Haciendo un gran sacrificio económico, los Laredo se mudaron a California en 1948. Jaime tomó clases en San Francisco con Antonio de Grassiy Frank Houser. A los siete años, ofreció un concierto organizado por el Rotary Club de la ciudad; a los ocho, otro con la Orquesta Sinfónica de San Francisco, presentado por la Crocker Art Galery de Sacramento. Para entonces ya era conocido como “el niño prodigio boliviano”. Al compararlo con otros talentosos violinistas infantiles que habían debutado en el mismo escenario, el diario The San Francisco Examiner comentó: “En la década de 1920 fue Yehudi Menuhin, en la década de 1930 fue Isaac Stern y anoche fue Jaime Laredo”. 

Por recomendación de Houser y de Grassi, los Laredo se trasladaron a Cleveland en 1953, a fin de que Jaime pudiera continuar su formación bajo la dirección de Josef Gingold.

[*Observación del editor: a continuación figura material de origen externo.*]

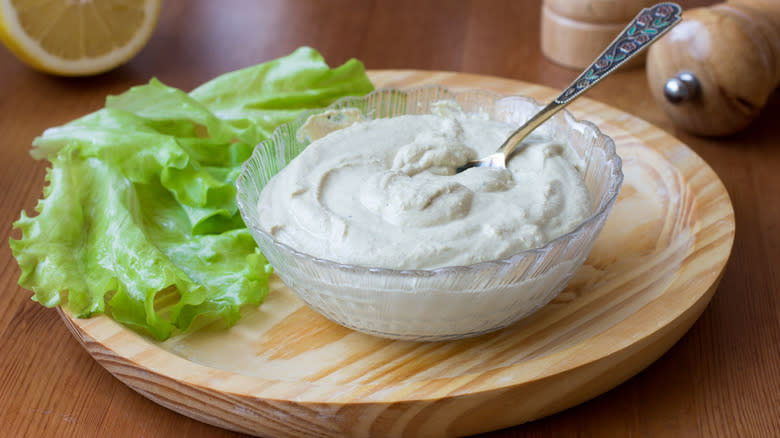 tofu mayonnaise in bowl on wooden plate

Fue Gingold quien le sugirió ingresar al Instituto de Música Curtis de Filadelfia para estudiar bajo la dirección del maestro ruso-armenio Iván Galamian, a quien consideraba el maestro “más grande del mundo”. Y fue Galamian quien le recomendó postularse para el concurso de Bruselas.

Dos meses antes de su triunfo en Bruselas, Laredo ganó un concurso juvenil organizado por la Orquesta de Filadelfia, gracias al cual logró un primer contrato para debutar en el Carnegie Hall, actuación que se concretó en octubre de 1960. Cuando llegó a la capital belga, ya se sentía un ganador. Había recibido su título in absentia del Instituto Curtis y tenía en el bolsillo el contrato para actuar en la más ilustre sala de conciertos de Manhattan.

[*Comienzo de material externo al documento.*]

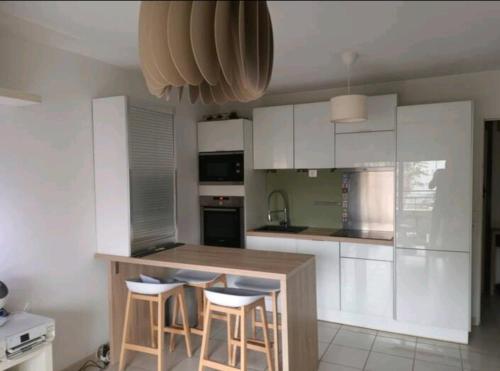 une cuisine avec des placards blancs et un îlot avec des tabourets de bar dans l'établissement Le Vallon, à Marseille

Llegó a Bruselas armado del famoso violín Stradivarius conocido por el nombre de El Emperador, fabricado en 1715 y valuado entonces en 300 mil  dólares, que le facilitó la Fundación John Phipps de Nueva York.  El 5 de mayo asistió al sorteo para la primera ronda del concurso, consistente en tres pruebas de dificultad técnica progresiva. Debutó el  9. A los tres días, supo que se encontraba entre los 24 semifinalistas. Terminada la ronda semifinal, el 16 de mayo envió un telegrama a su familia: “¡Hurra! Soy finalista”.

Tuvo sólo ocho días para estudiar y memorizar el concierto inédito del francés Darius Milhaud, escrito expresamente para la final de la competencia. La partitura, de más de 50 páginas, era desconocida para los concursantes, quienes, además, debieron ejecutarla sin previo ensayo.

Incomunicado en la Capilla Musical de la Reina, junto a los otros 11 finalistas, Jaime se mostraba asustado.

“Martita –le escribió a su hermana–, no tienes ni la menor idea de lo que estoy pasando. He llegado a un punto en que creo que ya ni nervios ya tengo. (…) Este concierto que estamos aprendiendo es increíblemente difícil. Nunca he visto una obra de música más intricada e imposible de comprender su sentido para poder interpretarla”.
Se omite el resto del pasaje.